§ **Activity**: Only lines with the word "Hotel" are needed; collect each of them from the listing below.

§ **Dataset excerpts**:
━━━━━━━━━━━━━━━━━━━━

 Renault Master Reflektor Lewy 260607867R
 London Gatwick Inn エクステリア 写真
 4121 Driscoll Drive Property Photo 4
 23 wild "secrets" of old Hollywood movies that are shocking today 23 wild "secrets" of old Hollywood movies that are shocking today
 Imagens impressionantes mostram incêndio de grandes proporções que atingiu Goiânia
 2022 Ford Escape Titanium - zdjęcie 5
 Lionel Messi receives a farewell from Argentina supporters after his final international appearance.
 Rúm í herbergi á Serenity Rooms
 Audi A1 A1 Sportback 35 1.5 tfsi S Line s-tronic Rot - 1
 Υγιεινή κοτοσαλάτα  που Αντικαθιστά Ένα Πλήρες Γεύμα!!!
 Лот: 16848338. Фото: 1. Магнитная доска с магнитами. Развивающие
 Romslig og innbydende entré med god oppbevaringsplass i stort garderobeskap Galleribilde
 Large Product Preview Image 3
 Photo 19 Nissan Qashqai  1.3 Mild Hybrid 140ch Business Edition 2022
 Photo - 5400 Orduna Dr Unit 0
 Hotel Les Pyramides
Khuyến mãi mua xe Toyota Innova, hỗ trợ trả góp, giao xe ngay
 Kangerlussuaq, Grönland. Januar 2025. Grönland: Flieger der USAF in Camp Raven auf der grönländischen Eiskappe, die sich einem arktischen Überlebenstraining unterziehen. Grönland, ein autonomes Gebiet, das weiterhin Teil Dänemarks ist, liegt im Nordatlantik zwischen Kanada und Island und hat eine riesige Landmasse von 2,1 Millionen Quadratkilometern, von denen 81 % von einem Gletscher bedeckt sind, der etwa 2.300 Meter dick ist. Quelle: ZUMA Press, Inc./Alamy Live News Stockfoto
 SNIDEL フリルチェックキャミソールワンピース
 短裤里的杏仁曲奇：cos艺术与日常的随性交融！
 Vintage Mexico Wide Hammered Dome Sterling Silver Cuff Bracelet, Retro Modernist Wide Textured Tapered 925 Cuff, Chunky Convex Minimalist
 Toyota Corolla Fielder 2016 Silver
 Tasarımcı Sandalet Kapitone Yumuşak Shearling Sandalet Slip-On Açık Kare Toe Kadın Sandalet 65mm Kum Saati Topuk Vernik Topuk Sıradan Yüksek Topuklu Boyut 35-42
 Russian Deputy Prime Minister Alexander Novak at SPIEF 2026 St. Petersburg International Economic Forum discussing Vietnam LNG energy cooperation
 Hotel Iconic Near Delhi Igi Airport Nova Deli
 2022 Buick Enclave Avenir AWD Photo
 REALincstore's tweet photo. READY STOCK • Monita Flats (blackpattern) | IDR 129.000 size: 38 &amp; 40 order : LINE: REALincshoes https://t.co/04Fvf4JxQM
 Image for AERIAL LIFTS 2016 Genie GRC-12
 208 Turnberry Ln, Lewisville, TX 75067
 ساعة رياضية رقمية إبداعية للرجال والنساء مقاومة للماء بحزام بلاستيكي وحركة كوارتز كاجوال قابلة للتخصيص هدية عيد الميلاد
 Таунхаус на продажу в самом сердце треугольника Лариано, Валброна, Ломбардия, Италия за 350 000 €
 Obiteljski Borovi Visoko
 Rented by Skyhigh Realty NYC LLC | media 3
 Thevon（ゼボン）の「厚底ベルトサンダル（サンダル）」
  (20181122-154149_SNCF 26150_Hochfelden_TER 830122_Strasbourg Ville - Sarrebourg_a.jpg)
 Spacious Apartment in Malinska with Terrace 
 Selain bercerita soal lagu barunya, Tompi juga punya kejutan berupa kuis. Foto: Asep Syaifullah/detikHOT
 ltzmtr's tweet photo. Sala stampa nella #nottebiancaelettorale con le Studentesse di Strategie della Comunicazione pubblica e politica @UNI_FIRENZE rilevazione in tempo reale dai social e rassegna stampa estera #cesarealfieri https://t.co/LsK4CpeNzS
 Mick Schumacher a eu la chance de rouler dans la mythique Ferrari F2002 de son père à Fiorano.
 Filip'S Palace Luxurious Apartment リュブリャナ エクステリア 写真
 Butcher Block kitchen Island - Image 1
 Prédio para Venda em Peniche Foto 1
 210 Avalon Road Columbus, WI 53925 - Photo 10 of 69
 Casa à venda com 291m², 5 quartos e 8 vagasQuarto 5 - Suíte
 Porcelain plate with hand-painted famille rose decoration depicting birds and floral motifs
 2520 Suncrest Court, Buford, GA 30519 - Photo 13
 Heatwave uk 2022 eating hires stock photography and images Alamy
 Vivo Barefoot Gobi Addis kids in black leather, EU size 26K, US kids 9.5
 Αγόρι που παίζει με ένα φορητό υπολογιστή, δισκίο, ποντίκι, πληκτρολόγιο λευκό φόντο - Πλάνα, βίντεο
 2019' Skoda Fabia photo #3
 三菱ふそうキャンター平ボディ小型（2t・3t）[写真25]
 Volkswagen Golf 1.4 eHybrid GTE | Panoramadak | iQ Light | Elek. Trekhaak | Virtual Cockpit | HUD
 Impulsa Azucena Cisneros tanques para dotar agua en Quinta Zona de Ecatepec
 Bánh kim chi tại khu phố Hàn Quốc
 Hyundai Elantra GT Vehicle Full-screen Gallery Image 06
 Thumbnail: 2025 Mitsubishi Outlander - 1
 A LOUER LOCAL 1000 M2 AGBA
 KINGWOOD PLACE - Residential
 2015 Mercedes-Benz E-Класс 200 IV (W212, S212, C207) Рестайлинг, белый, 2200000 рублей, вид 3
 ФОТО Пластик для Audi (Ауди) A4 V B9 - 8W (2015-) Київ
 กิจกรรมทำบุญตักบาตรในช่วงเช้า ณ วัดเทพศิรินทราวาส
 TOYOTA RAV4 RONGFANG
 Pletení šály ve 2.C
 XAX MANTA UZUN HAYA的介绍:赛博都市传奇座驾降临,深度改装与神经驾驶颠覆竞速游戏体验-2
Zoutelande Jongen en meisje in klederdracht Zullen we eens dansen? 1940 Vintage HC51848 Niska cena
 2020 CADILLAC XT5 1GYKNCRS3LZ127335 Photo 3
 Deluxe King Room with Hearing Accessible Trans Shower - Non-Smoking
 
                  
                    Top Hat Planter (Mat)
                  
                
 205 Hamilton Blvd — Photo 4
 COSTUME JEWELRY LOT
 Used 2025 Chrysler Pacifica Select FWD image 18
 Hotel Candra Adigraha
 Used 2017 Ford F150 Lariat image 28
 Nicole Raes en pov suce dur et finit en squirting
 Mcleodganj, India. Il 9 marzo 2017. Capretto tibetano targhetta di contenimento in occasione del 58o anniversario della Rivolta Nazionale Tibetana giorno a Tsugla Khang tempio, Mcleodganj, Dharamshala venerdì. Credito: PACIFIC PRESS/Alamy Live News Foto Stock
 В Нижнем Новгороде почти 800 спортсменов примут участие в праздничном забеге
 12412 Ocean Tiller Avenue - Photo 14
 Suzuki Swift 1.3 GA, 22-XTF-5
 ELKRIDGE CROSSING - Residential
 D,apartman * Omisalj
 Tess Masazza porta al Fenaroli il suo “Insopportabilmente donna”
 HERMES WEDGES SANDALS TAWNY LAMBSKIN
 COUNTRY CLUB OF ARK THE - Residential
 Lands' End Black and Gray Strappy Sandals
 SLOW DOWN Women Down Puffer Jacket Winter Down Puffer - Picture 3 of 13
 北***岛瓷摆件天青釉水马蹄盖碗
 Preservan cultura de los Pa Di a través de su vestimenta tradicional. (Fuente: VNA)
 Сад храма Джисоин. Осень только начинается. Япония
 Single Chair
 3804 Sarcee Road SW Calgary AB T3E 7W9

━━━━━━━━━━━━━━━━━━━━

§ **Task solution**:
 Hotel Les Pyramides
 Hotel Iconic Near Delhi Igi Airport Nova Deli
 Hotel Candra Adigraha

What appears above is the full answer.